I'm having a bit of a fun getting my head around the PDP-11 memory model, hopefully someone can help. The setup is as follows:

I'm using SIMH to emulate an 11/53 with 256K of RAM. This is running RT-11 v5.0.3 with the XM monitor from an RL02. I'm trying to run a cross assembler written by APh as follows:

.run mx1600 Version of 22-Aug-78 Copyright APh *KB01 PASS1: NO MORE FREE STORAGE .

Whilst the program being assembled is trivially small, you can see I'm running out of memory. I've found a workaround using VBGEXE, like this:

.vbgexe Program? mx1600 Version of 22-Aug-78 Copyright APh *KB01 PASS1: %ALMOST OUT OF STORAGE - SWAPPING USR PASS2: CREF: .

However, I doubt that this was how things were done "back in the day". The RAM configuration seen within RT-11 is:

.show mem ------- Extended Memory -------- Address Module Words Type ------- ------ ----- ---- 17760000 IOPAGE 4096. HDW 01000000 MEMTOP 00176200 ...... 98752. 00170000 SL 1600. PVT 00160000 DU 2048. PVT ------ Low Memory ------- Address Module Words ------- ------ ----- 155564 DL 582. 120042 RMON 7593. 107000 USR 2321. 001000 ..BG.. 17920.

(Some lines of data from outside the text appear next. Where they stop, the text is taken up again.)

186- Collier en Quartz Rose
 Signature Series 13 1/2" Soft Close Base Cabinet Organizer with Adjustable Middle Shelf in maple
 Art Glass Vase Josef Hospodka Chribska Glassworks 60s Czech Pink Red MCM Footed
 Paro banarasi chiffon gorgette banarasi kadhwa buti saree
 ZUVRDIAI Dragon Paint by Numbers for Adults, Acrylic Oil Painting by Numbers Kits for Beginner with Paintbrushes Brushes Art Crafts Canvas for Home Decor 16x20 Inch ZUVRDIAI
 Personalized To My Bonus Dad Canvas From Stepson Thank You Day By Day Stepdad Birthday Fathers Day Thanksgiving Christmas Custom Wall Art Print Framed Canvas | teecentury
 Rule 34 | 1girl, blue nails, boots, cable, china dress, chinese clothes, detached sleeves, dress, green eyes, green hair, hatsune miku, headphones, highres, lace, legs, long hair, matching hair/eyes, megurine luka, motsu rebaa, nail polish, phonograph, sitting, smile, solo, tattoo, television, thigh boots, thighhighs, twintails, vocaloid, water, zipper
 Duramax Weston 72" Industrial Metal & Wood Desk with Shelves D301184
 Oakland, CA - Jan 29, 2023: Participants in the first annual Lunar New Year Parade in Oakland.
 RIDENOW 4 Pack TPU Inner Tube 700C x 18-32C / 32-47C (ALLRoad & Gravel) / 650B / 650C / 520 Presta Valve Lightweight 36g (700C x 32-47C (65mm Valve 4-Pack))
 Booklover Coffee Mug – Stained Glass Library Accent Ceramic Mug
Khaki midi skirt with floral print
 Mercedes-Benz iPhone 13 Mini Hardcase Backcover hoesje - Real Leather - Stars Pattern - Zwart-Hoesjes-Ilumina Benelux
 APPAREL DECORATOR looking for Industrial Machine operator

I have tried fiddling with other monitors and tweaking various bits in SYSGEN to try to free more low memory without much success.

My questions are:
  • Am I doing something obviously stupid?
  • Is my assumption that low memory is the constraint likely to be correct?
  • If so, what is a realistic maximum for available low memory on RT-11?
  • Is there a way to use extended memory more seamlessly in RT-11 (I'm aware of VRUN on later versions of RT-11, but this would not have been available in 1980-1983 as far as I know)?
  • I believe that originally TSX Plus was used in addition to RT-11, would this have made use of extended memory more seamless?
Thanks for any help you can provide.


decle
 
No its working correct, vgbexe is the way to do it. If you run the small monitor version you can run things without the extra step, you lose out on some ram but most rt-11 programs dont need that much anyway.
 
Thanks, this is really helpful. Apologies for my naivety, but could you clarify what you mean by "small monitor version"?
 
If you run TSX (It starts from from RT11SJ) then you can have much more low memory:

1695324270042.png


Compilers and such like can easily become tricky to run - even linking TSX itself can run out of memory, the trick being to link it on a different volume when running TSX, before exiting TSX and moving the files created to SY:

TSX more or less presents a multi-user RT11SJ environment with more free memory and you can change the disk assignments (for example) for each user..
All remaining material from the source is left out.